As part of the prologue of all my console applications, I need to determine the extents of the current terminal so if there are less than 132 columns or 43 lines the user can be warned output may not appear as expected. Code has been tested with;
$ AppName /usr/include/*.h
Assemble with source being whatever name you want to give app.
~$ nasm -felf64 source.asm -source.o ~$ ld -osource -osource
which passes 112 arguments to process.
Essentially what I am going for is contiguous flow with the least number of instructions. Time is an important consideration but it is the least important especially considering if my calculations are near correct, this procedure comes in at 4.18 micro seconds.
USE64
global _start
section .text
; *----* *----* *----* *----* *----* *----* *----* *----* *----* *----* *----*
_start:
%define argc [rbp+ 8]
%define args [rbp+16]
mov rsi, rsp ; Establish pointer to argc.
push rbp ; So argc & **args can easily be addressed
mov rbp, rsp ; via base pointer.
; This application expects a minimum 132 x 43 terminal. If this sessions metrics
; are less than that, then operator needs to be made aware output to screen
; may not be as expected.
; [A] Establish a pointer to the array of QWORD pointers to environment
; strings. It is determined by &argc + (argc+1) * 8
lodsq ; Determine # of args passed via command-line
inc eax ; Bump argument count
shl rax, 3 ; Multiply by 8
add rsi, rax ; Add result to &argc
; [B] Intialize the two registers needed for the loop that determines
; matching entries.
mov edi, Metrics ; Pntr to the two strings that need to be found.

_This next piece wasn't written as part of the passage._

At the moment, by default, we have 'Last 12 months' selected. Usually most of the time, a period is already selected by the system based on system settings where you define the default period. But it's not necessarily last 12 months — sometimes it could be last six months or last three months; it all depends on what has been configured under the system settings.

; RDX Bits 07 - 00 = Count of environment variables.
; 15 - 08 = Columns defined by "COLUMNS=".
; 23 - 16 = Rows " " "LINES=".
xor edx, edx
mov ecx, edx ; Should be zero, but just to be safe.
FindMatch:
lodsq ; Get pointer to next environment string.
test eax, eax ; NULL pointer indicates end of array.
jnz .cont
; Now RBP - 1 = Count of environment strings
; RBP - 2 = Current display columns
; RBP - 3 = rows
mov [rbp-4], edx
jmp .done
.cont:
inc dl ; Bump count of environment strings.
mov ecx, 6 ; Length of string first string.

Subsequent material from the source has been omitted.